Wittmann, Silvaner trocken, 2010

Wittmann, Silvaner trocken, 2010

If like us you fell in love with the Silvaner grape you will probably forgive me for featuring yet another wine made from this German variety - and if you don't love it yet, well, I am not going to shut up until you do. In fact, there will be more Silvaner coming your way on the Wine Rambler over the next weeks. Anyway, Wittmann. I was really looking forward to try the basic 2010 organic Silvaner from one of Rheinhessen's, in fact Germany's, best producers, especially as the 2008 Silvaner had been such fantastic value.

pouring Wittmann Silvaner
pouring Wittmann Silvaner

Can Wittmann repeat the success of putting a highly enjoyable white wine for (a little) less than nine Euro on the table with the 2010 vintage?

As far as the bouquet goes, Wittmann certainly can. Immediately after unscrewing the bottle the room was filled with the most wonderful aromas of green apples, enhanced by herb and citrus. The wine also smelled of spring flowers, or to be precise (?!) it smelled of a stream of rose water running along a rocky river bank, with lime mineral in the background and a faint smell of nut. Nice!

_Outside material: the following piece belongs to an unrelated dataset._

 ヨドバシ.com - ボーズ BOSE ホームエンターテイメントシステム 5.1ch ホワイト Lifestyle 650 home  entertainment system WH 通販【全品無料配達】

oh wait, you want to see the label?
oh wait, you want to see the label?

The Silvaner tastes as joyful as it smells, a very likeable dry wine that is enjoyable, clear cut, with good citrus and lime mineral flavours, moments of juicy texture and a dry finish that lingers on. Alive and fresh it is maybe a little more lean and acidity focussed than I remember the '08 (but it has been a while), but that does not have to be a bad thing. Without aiming for or pretending to be more complex than it is, Wittmann's Silvaner again delivers a little more than you would expect in this price range.